Stored items:
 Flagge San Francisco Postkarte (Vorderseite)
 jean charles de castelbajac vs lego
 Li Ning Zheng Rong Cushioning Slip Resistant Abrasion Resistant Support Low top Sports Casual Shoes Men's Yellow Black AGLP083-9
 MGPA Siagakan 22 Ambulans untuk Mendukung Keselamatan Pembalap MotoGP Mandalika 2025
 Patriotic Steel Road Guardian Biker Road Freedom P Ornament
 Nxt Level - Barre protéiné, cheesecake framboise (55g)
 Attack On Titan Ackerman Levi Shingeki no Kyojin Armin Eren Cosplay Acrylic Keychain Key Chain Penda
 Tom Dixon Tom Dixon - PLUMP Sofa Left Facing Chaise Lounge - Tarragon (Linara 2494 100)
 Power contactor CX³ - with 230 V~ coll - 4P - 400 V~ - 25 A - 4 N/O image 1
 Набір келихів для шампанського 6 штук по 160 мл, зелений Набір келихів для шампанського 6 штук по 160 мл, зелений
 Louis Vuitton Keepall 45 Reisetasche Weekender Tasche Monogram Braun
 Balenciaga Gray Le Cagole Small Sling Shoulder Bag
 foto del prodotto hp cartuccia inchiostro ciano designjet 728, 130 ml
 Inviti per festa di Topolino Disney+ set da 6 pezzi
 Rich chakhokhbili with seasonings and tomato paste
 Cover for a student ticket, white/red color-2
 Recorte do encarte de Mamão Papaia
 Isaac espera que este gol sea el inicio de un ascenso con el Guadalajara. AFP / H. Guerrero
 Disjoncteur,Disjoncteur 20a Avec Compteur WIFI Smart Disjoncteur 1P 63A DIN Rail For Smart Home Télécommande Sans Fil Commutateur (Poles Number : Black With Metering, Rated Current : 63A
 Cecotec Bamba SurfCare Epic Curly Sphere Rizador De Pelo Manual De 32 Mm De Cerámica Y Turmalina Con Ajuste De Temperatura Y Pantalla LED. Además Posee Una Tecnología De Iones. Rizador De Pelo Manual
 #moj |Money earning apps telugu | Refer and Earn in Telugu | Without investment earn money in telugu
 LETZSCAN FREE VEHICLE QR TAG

What is needed: Set down exactly the line that holds "Cecotec Bamba SurfCare" and all lines after it to the end of the data.

Response box:
 Cecotec Bamba SurfCare Epic Curly Sphere Rizador De Pelo Manual De 32 Mm De Cerámica Y Turmalina Con Ajuste De Temperatura Y Pantalla LED. Además Posee Una Tecnología De Iones. Rizador De Pelo Manual
 #moj |Money earning apps telugu | Refer and Earn in Telugu | Without investment earn money in telugu
 LETZSCAN FREE VEHICLE QR TAG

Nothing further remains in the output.